Le voci del cinema
Su 350 mila spettatori in 3 mila spettacoli monitorati tra lirica, prosa, danza e concerti, nel periodo che va dalla riapertura del 15 giugno a inizio ottobre si registra un solo caso di contagio per Covid-19. Eppure, dal governo è arrivata la chiusura totale. Ne parliamo con Antonio Catania, popolare attore di cinema, teatro e tv.
Catania, come si spiega la decisione di chiudere cinema e teatri?
«Credo che abbiano voluto far vedere che stanno facendo qualcosa. Per molti cinema, teatro e musica sono degli hobby, cose superflue. Sento spesso opinioni di questo tipo, anche da persone di una certa cultura. Qualcuno ha anche detto che se si chiudono i teatri o i cinema non succede niente, che il business non c’è. Purtroppo però non sanno che ci sono centinaia di migliaia di persone che lavorano in questo settore. È deprimente, soprattutto in un Paese come l’Italia che vive, o dovrebbe vivere, di cultura. Chi poi ha investito nella sicurezza delle proprie sale, di cinema o di teatro, non è stato premiato. Anzi…».
Perché secondo lei manca questa sensibilità?
«Non lo so, me lo sono domandato, specialmente ascoltando certi commenti. Credo che in fondo l’artista sia considerato un privilegiato, uno che “passava di lì” per caso e si diverte senza lavorare. E dunque, anche se soffre un po’ chi se ne importa… Sento una punta di invidia, un senso di rivalsa e molta ignoranza. Se uno sapesse che cosa c’è dietro alla preparazione e alla messa in scena di uno spettacolo o di un film, non la penserebbe in questo modo».
Lo spettacolo fa paura a chi governa?
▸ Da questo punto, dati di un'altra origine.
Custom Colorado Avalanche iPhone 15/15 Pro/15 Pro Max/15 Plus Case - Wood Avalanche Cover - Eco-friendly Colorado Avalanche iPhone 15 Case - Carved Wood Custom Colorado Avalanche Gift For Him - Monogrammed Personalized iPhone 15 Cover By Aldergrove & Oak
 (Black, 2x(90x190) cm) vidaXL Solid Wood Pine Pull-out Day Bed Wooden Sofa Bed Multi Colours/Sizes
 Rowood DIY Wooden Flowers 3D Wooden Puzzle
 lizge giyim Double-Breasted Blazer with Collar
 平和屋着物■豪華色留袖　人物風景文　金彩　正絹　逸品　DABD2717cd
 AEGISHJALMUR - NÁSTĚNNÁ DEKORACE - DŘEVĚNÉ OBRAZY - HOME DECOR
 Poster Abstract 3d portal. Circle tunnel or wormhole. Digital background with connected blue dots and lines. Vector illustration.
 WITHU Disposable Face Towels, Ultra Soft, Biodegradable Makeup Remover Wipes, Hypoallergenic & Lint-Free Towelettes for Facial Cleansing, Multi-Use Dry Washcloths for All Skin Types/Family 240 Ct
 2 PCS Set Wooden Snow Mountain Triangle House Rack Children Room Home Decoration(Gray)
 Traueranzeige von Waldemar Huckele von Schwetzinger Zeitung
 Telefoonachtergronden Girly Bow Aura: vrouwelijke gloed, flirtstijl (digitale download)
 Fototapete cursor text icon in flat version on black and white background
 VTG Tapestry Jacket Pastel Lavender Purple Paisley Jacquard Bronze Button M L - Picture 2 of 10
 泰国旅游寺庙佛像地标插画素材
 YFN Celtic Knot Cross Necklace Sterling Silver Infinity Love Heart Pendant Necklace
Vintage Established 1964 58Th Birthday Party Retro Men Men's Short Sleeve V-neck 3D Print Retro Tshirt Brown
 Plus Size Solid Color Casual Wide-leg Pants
Forse la televisione è più “docile”?
«Non voglio pensarlo. Il pubblico che ho incontrato dopo i miei spettacoli ama le storie, ama i classici e cerca nel teatro e nel cinema una buona occasione per uscire di casa e socializzare».
Come vede il futuro di cinema e teatro?
«Ormai i film sono pensati e realizzati per le piattaforme come Netflix o Sky, il prodotto cinematografico nasce per essere “consumato” in casa, sul divano e con le pantofole. Mi sembra la mazzata decisiva, si toglie il piacere di uscire e di vedersi. Attenzione, però: le sale cinematografiche rischiano molto, i teatri no. Il teatro è unico, perché conserva la presenza scenica dell’attore dal vivo, che non può essere in alcun modo surrogata. lo credo che arriveranno tempi migliori. O almeno lo spero».